Entre a língua culta e a linguagem
coloquial: beleza e encantamento poético.
Geraldo Fonte Boa
No
ano de 1946 publicou-se o livro “Rosário de Capiá – Poemas Cablocos” do poeta e declamador José Bento de Oliveira,
conhecido por “Nhô Bento”. Os temas são de uma simplicidade encantadora, o
ritmo envolvente e as poesias lindas. Plena de simplicidade e de encantamento. O
livro de poesia foi prefaciado por nada menos que Monteiro Lobato.
Os
poemas, lidos hoje, são um convite ao mergulho em nossa cultura popular sem, no
entanto, deixar de ser um aprofundamento na literatura, visto que a forma
utilizada pelo autor exige do leitor o esforço de compreender como a língua expressa
que constrói a si mesma. Parece contraditório, pois os poemas utilizam-se da
fonética e linguagem coloquial para se expressar, mas o que eles ensinam é a
linguagem culta, a forma como esta linguagem vai, paulatinamente, se
constituindo e se transformando.
O
próprio Monteiro Lobato diz em seu prefácio: “A evolução da língua é curiosíssima e inteligentíssima, como todas as
evoluções não atrapalhadas pelos breques dos artificialismos. A forma escrita
das línguas é um artificialismo tremendamente embaraçador da evolução natural
das línguas.(…) E acentuaria que o mesmo direito que tiveram os portugueses de
corromper do latim e transforma-lo em língua portuguesa, temos nós letrados, de
corromper a língua portuguesa e transforma-la na “língua brasileira”;(…)” .

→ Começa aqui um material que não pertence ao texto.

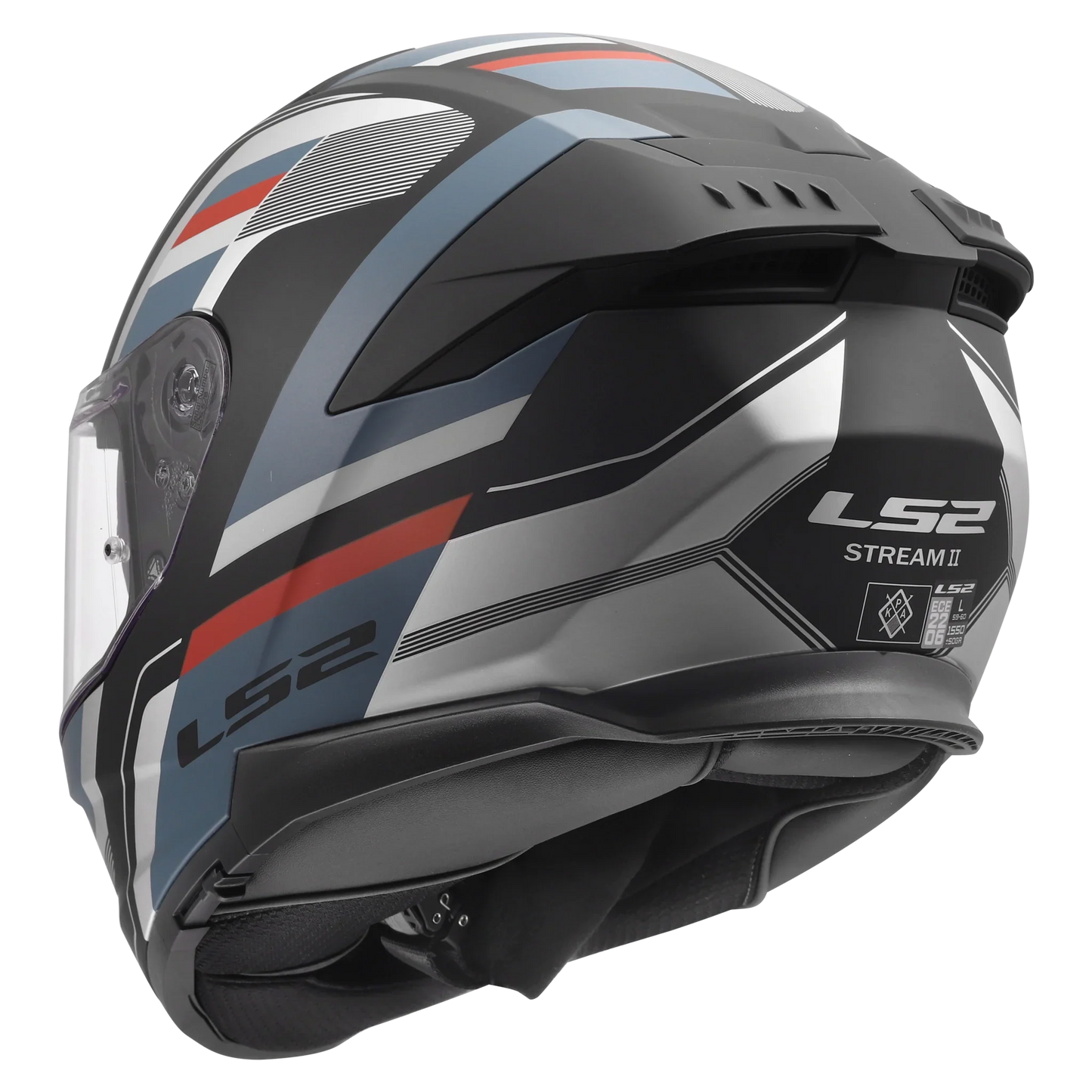 LS2 FF808 Stream II Vintage matt zwart/blauw - KartKings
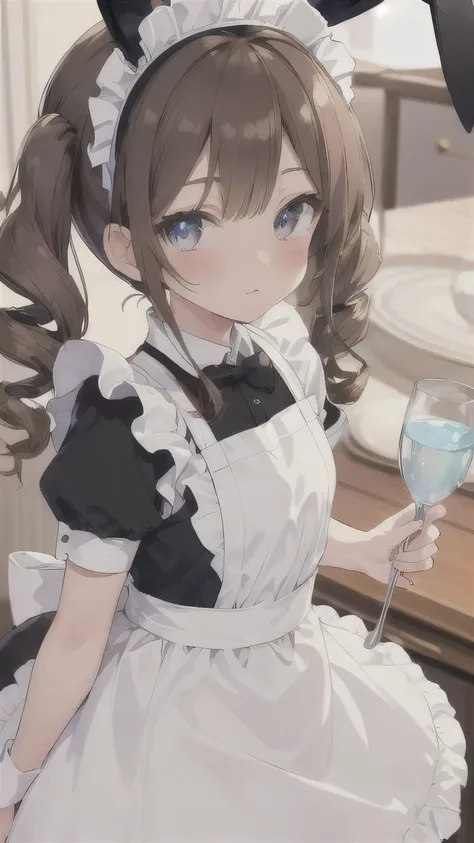 ((best quality)), ((masterpiece)), (detailed), perfect detailed eyes, perfect detailed face, ultra-detailed nose, brown hair, twin drills, hairband, rabbit ears, rabbit tail, blurry, reflection light, three sided view, maid outfit, maid girl, frilly apron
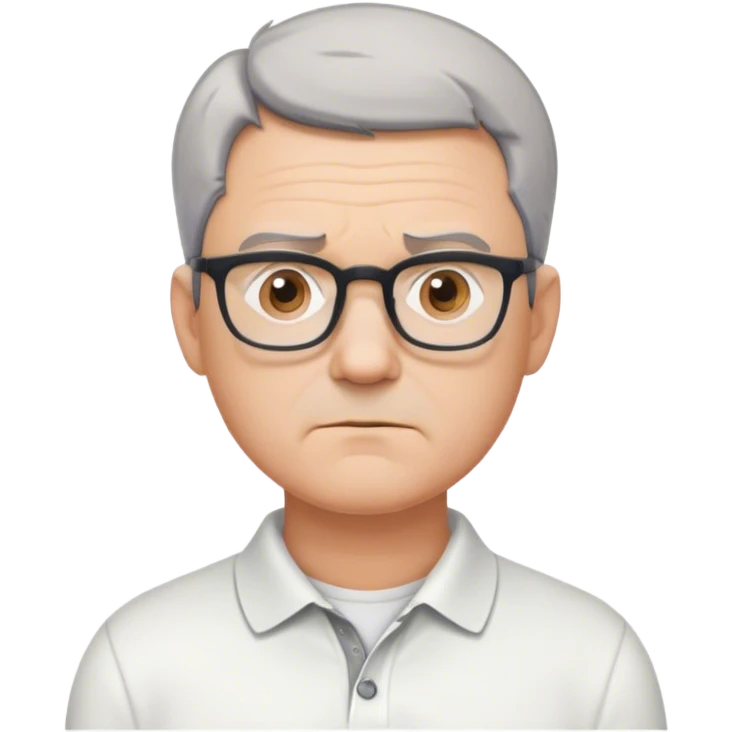 "Create an emoji of a middle-aged man with short gray hair, glasses, and a neutral expression. He is wearing a white polo shirt and has a slightly serious look. The background is minimal or plain." emoji
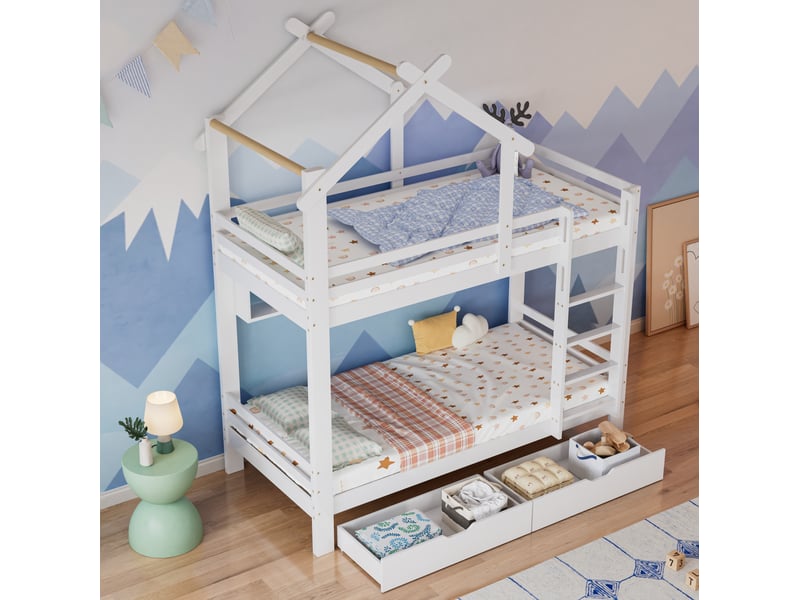 Lit superposé enfant 90x200 cm avec tiroirs et échelle, coloris blanc - Conforama E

Assim sendo, penso que a linguagem fonética e, porque não, coloquial utilizada
nos poemas de José Bento de Oliveira revela um certo fenômeno natural comum no
dia a dia do uso da língua. Este fenômeno natural é, no entanto, o motor do
desenvolvimento da língua, em que o coloquial vai sendo apropriado e
incorporado pela linguagem culta, dando a ela uma nova roupagem, novos
significados. Não teria sido isso que ocorrera com a língua Tupi, quando o Pe.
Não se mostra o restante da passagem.